Advisory fee withdrawals up to 1.5% per year are a notable carve-out: they don't trigger the MVA and don't count against your 10% free-withdrawal allowance. That makes this contract more practical for fee-based advisory relationships than many competing designs.
The structural tradeoffs are the index ceiling (caps and participation rates limit upside), the MVA on excess surrenders (rate-dependent cost), and the channel restriction (only accessible through Wells Fargo).
Product snapshot
| Feature | Details |
|---|---|
| Product Type | Fixed Indexed Annuity |
| Surrender Period | 5 years |
| Issue Ages | 0-89 (qualified); 0-89 (non-qualified); 0-75 (inherited IRA); 0-75 (inherited non-qualified) |
| Minimum Premium | $50,000 |
| Indices | S&P 500, S&P 500 Risk Control 10% Index (SPXAV10P), S&P U.S. Retiree Spending Index (SPRETIRE), iShares U.S. Real Estate ETF (IYR), iShares MSCI EAFE ETF (EFA) |
| Crediting Methods | Declared rate, S&P 500 point-to-point, S&P 500 Risk Control 10% point-to-point, S&P U.S. Retiree Spending point-to-point, iShares U.S. Real Estate point-to-point, iShares MSCI EAFE point-to-point |
| Free Withdrawal | 10% annually |
| MGSV | 87.5% of premiums at guaranteed minimum rate plus daily interest; 90% in Alaska and New Jersey |
| Death Benefit | Greatest of account value or GMSV paid to beneficiaries |
| Income Rider | Optional |
| Premium Bonus | None |
| Availability | GMSV is 90% of purchase payments in Alaska and New Jersey.
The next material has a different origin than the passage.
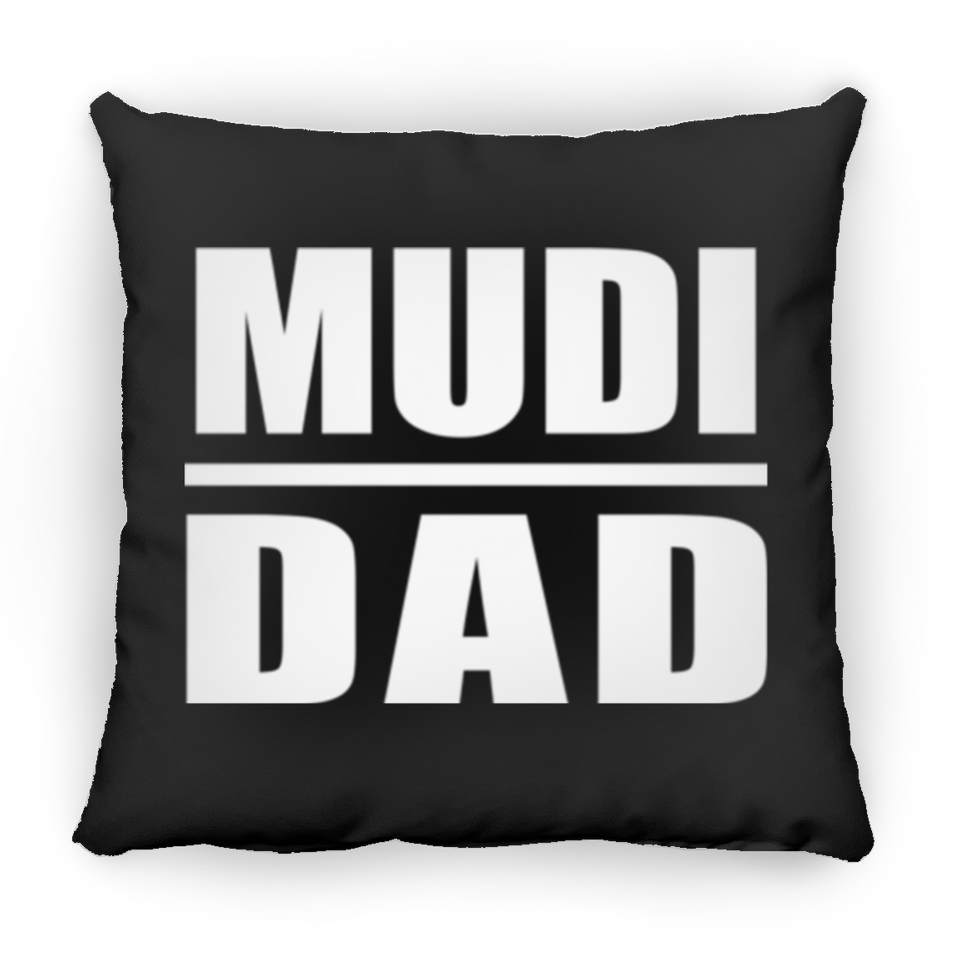 Mudi Dad - Throw Pillow Black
Extended Care Waiver Rider not available in Massachusetts; replaced with Waiver of Early Withdrawal Charges for Facility Care in California. |
Carrier snapshot
Legal Entity: MassMutual Ascend Life Insurance Company
Parent: Massachusetts Mutual Life Insurance Company
MassMutual Ascend is the annuity subsidiary of Massachusetts Mutual Life Insurance Company, one of the larger mutual life insurers in the country. The carrier's financial strength rating was not available in the materials reviewed — verify current ratings with AM Best, Moody's, or S&P before purchase.
Final take
Index Protector 5 MVA is a reasonable accumulation FIA for a Wells Fargo client who can commit to five years, wants a diversified index menu, and understands what an MVA actually does to a surrender. The care waiver adds real-world protection, the advisory fee carve-out is genuinely useful in fee-based accounts, and the index lineup — including the retiree spending index, real estate, and international options — gives more diversification than most short-term FIAs.
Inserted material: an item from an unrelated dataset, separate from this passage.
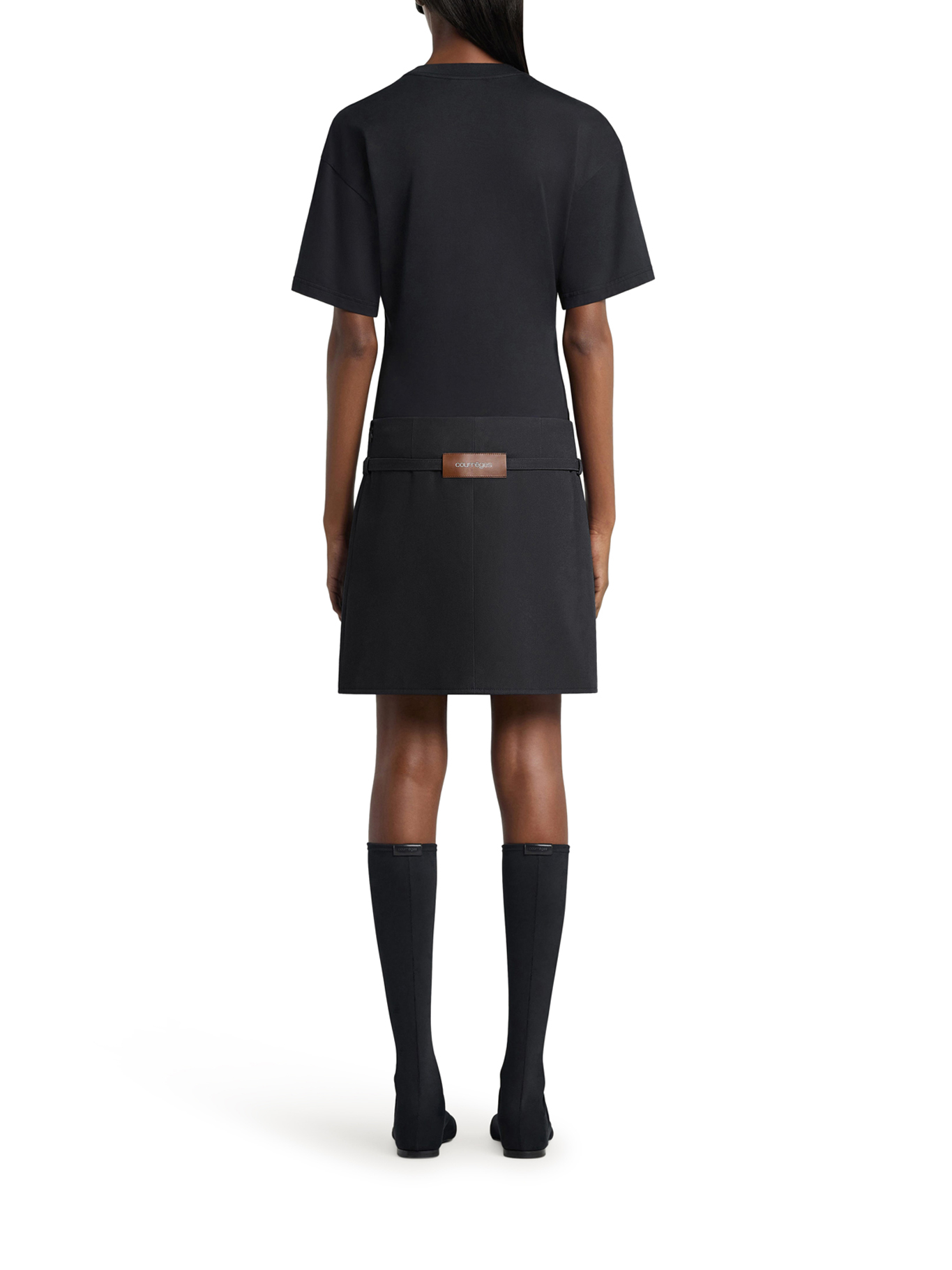 [Courreges] T-shirts Short Sleeve SS26 226JTS168JS02339999 BLACK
The product is not a fit for someone who wants a predictable, simple exit if plans change. The MVA means you can't look up your surrender penalty in a table — it depends on interest rates at the time you surrender. That's a real tradeoff, and it's the main reason this product earns a solid rather than strong rating. If you want the same basic structure with a more transparent exit cost, look for a conventional fixed-schedule FIA in the same surrender band.